Deleo v. City of New York
This text of 204 A.D.2d 384 (Deleo v. City of New York) is published on Counsel Stack Legal Research, covering Appellate Division of the Supreme Court of the State of New York primary law. Counsel Stack provides free access to over 12 million legal documents including statutes, case law, regulations, and constitutions.
Opinion
—In an action to recover damages for wrongful death, etc., (1) the defendant third-party plaintiff Elite Associates, Inc., appeals from so much of an order of the Supreme Court, Kings County (Hutcherson, J.), dated July 14, 1992, as denied its motion for summary judgment dismissing the amended complaint insofar as asserted against it, and (2) the third-party defendant All Boro Utility cross-appeals from so much of the same order as denied its motion for summary judgment dismissing the third-party complaint insofar as it is asserted against it.
Ordered that the order is affirmed insofar as appealed from, with one bill of costs to the defendant-respondent.
On the evening of February 16, 1985, the decedent Ernest DeLeo was driving along Kent Avenue in Brooklyn when his vehicle allegedly struck a three to four foot high mound of dirt on the west side of the roadway. DeLeo’s vehicle tipped over and burst into flames, and DeLeo, who was seriously burned, died of his injuries approximately three weeks later. The decedent’s estate subsequently commenced this wrongful death action against, inter alia, Elite Associates, Inc. (hereinafter Elite), a general contractor responsible for the performance of construction work near the scene of the accident.
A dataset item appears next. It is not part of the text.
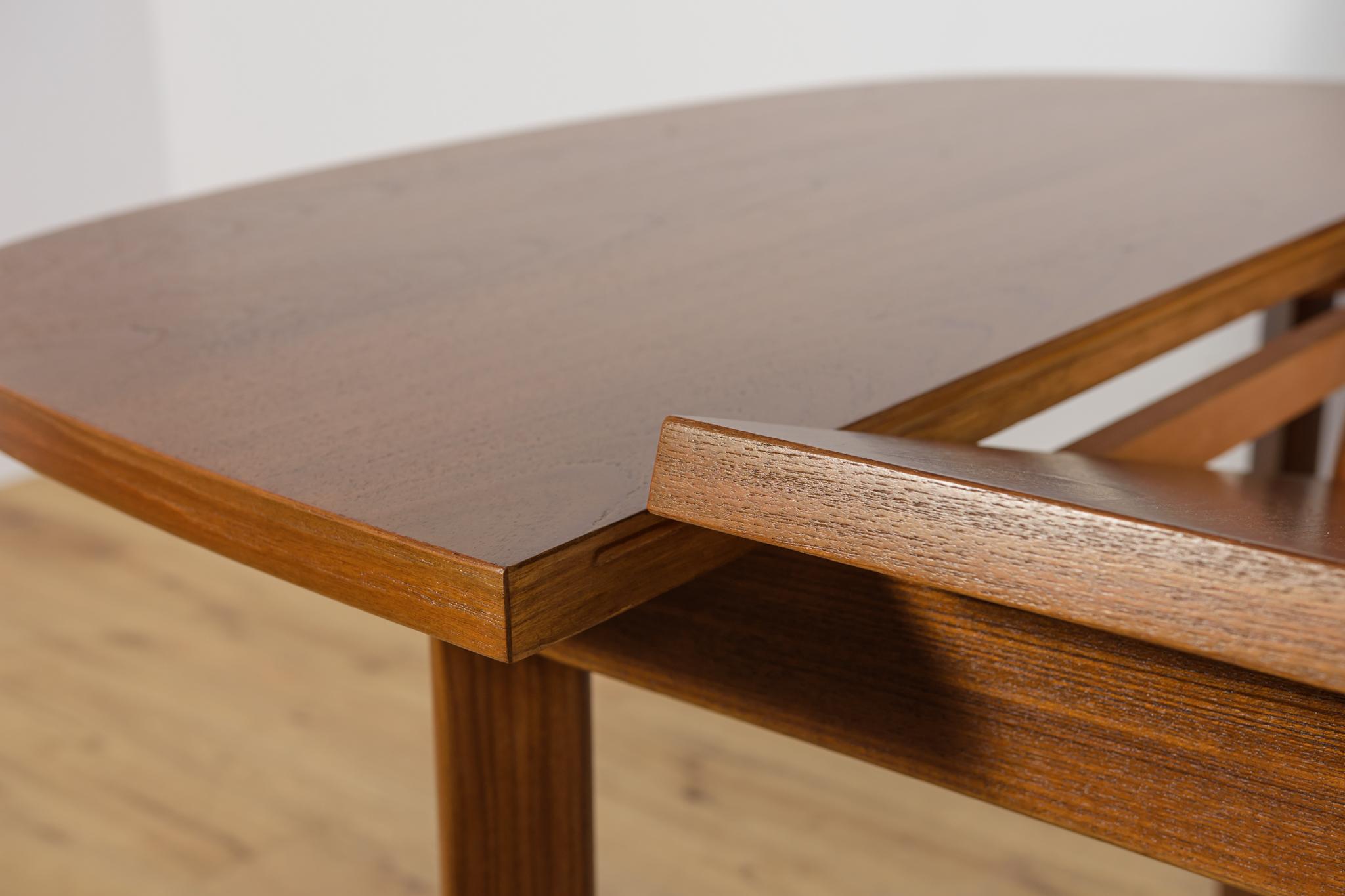 Tavolo da pranzo allungabile in teak in stile Mid-Century Modern di G-Plan, United Knigdom. in vendita 7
Elite thereafter commenced a third-party action seeking indemnification and/or contribution from its subcontractor Na-tale Plumbing Co. (hereinafter Natale), and Natale’s subcontractor All Boro Utility (hereinafter All Boro), which was responsible for performing certain sewer and water main work at the project site.
After the parties had conducted discovery, All Boro moved for summary judgment, contending that the affidavit of one of its employees, as well as the deposition testimony of Elite’s vice president, established, as a matter of law, that All Boro had not performed any work on the Kent Avenue roadway [385]*385prior to February 16, 1985, and thus could not have been responsible for the creation of the mound of dirt which allegedly caused the decedent’s accident. The defendant Elite cross-moved for summary judgment, similarly claiming that neither Elite nor its subcontractors were responsible for the creation of a dangerous condition in the Kent Avenue roadway. The Supreme Court denied the motion and cross motion for summary judgment, and we now affirm.
Contrary to the appellants’ contentions, the record discloses that issues of fact remain as to their responsibility for the existence of the dirt mound which allegedly caused the decedent’s accident. The conflicting evidence submitted by the parties failed to establish, inter alia, the precise location of the work for which the appellants were responsible, and although an All Boro employee submitted an affidavit claiming that All Boro performed no work in the roadway prior to the decedent’s accident, the president of subcontractor Natale, testified that all work related to water and sewer hookups in the roadway was performed by All Boro. Accordingly, the Supreme Court properly determined that resolution of the appellants’ potential liability for the decedent’s death must await a trial (see, Zuckerman v City of New York, 49 NY2d 557, 562). Balletta, J. P., Miller, Hart and Krausman, JJ., concur.